Data below:
***

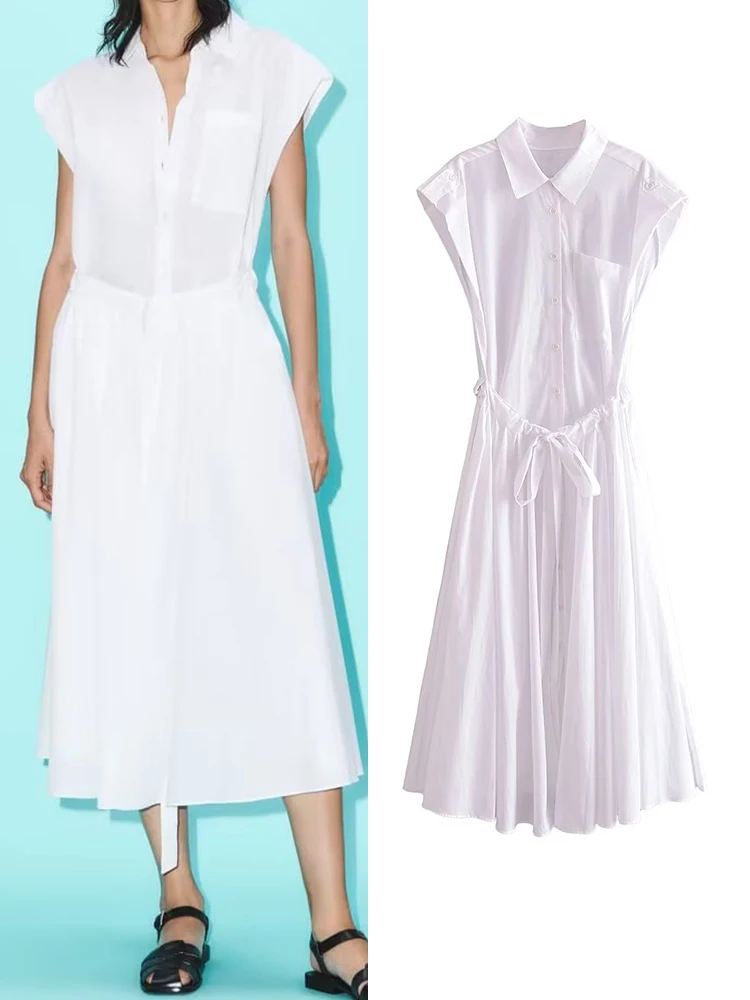 TRAF 2023 Autumn Women Shirt Dress New Casual Female Lapel Sleeveless Chest Patch Pocket Chic Lace-Up Design Elegant Midi Dress
TRAF 2023 Autumn Women Shirt Dress New Casual Female Lapel Sleeveless Chest Patch Pocket Chic Lace-Up Design Elegant Midi Dress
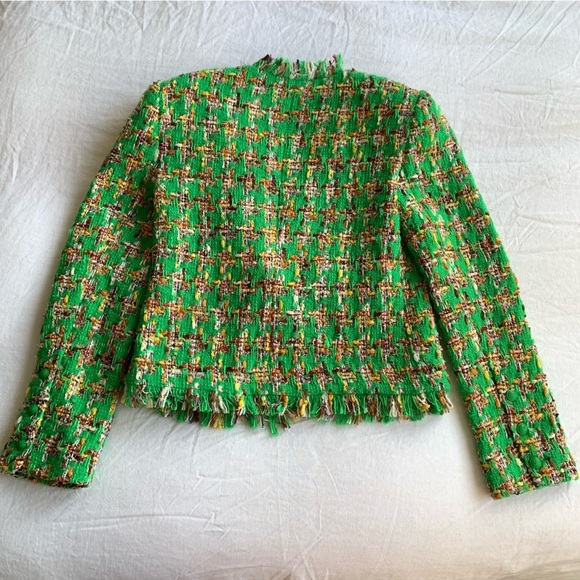 L’agence Angelina Tweed Open Front Pocket Blazer Suit Jacket Green Houndstooth - Picture 5 of 8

***

Work item: Make a word-for-word repeat of the material, skipping all pictures.

Result of this task:
 TRAF 2023 Autumn Women Shirt Dress New Casual Female Lapel Sleeveless Chest Patch Pocket Chic Lace-Up Design Elegant Midi Dress
TRAF 2023 Autumn Women Shirt Dress New Casual Female Lapel Sleeveless Chest Patch Pocket Chic Lace-Up Design Elegant Midi Dress
 L’agence Angelina Tweed Open Front Pocket Blazer Suit Jacket Green Houndstooth - Picture 5 of 8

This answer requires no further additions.